* _DATASET EXCERPT_:
BEGIN
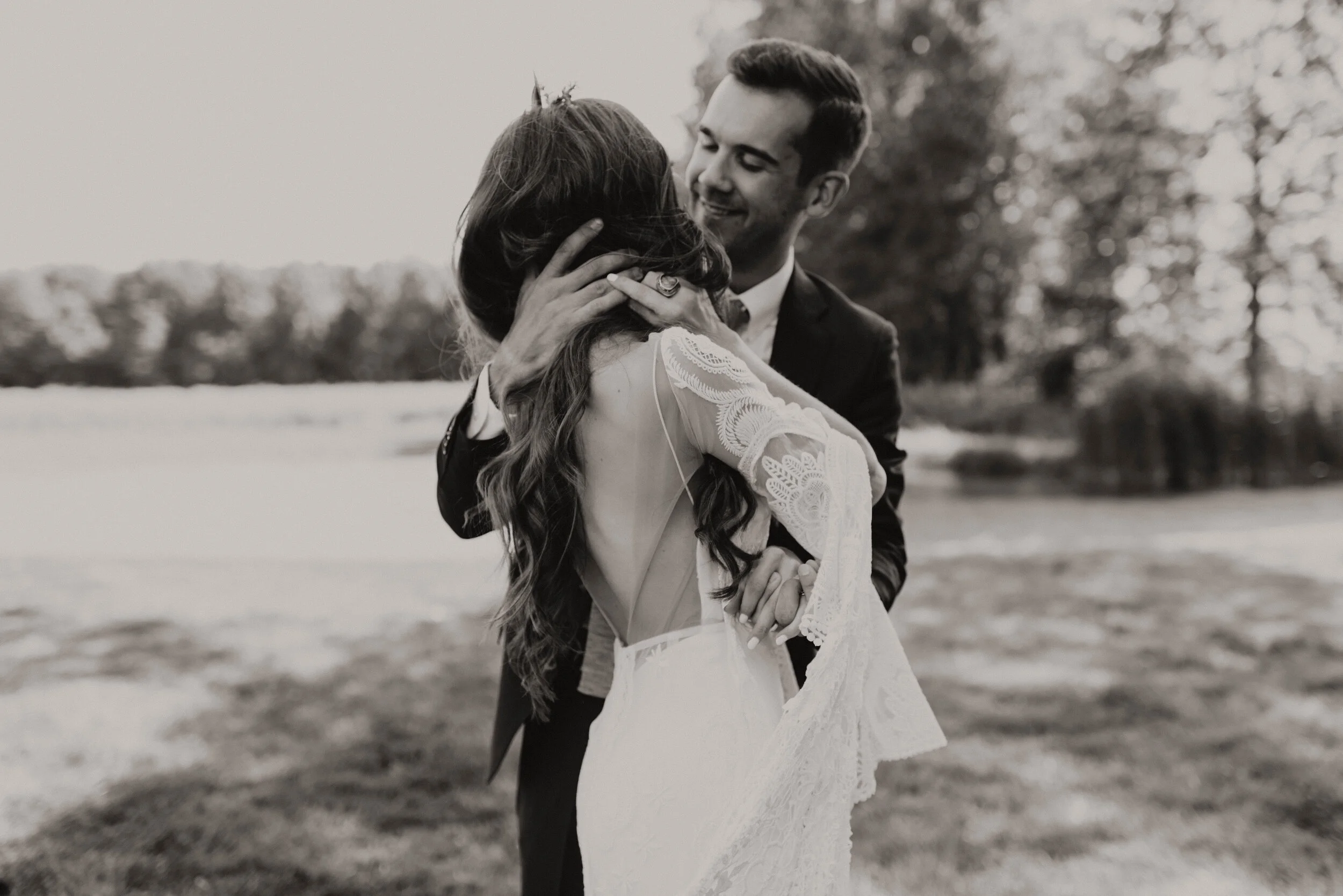 brideandgroomportrait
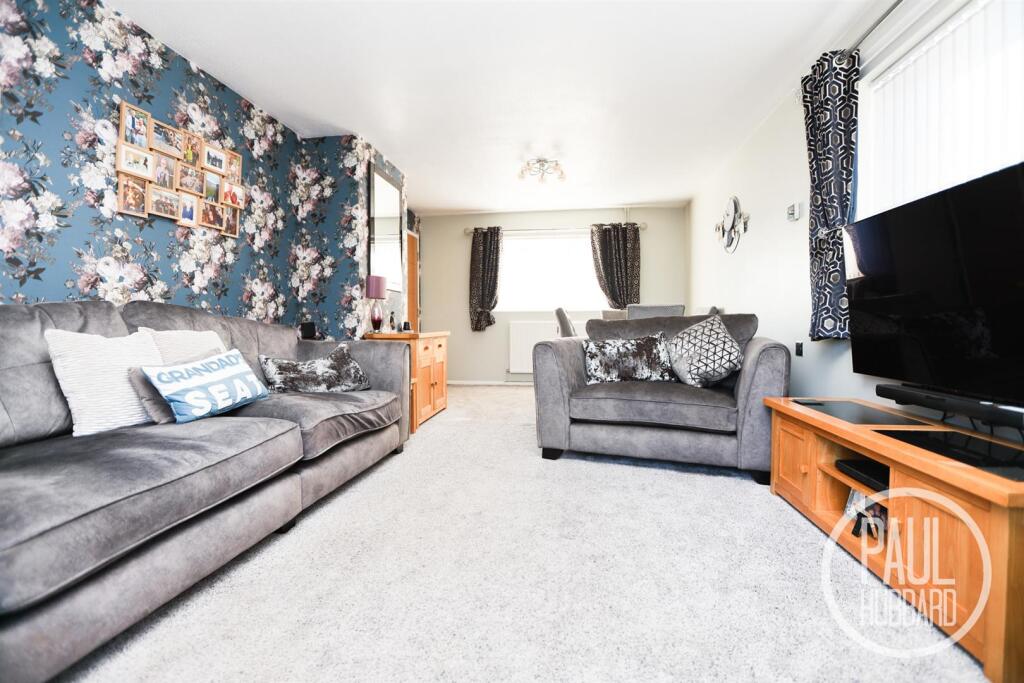 Peddars Court, Lowestoft, NR32 photo 4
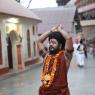 02-KAMAKHYA-TEMPLE-ASSAM_Photo_1150_7T9A3085_CMP_WM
END
* _EXERCISE DETAILS_:
When you repeat the listing, keep it exact and leave the pictures behind.

* _ANSWER BELOW_:
 brideandgroomportrait
 Peddars Court, Lowestoft, NR32 photo 4
 02-KAMAKHYA-TEMPLE-ASSAM_Photo_1150_7T9A3085_CMP_WM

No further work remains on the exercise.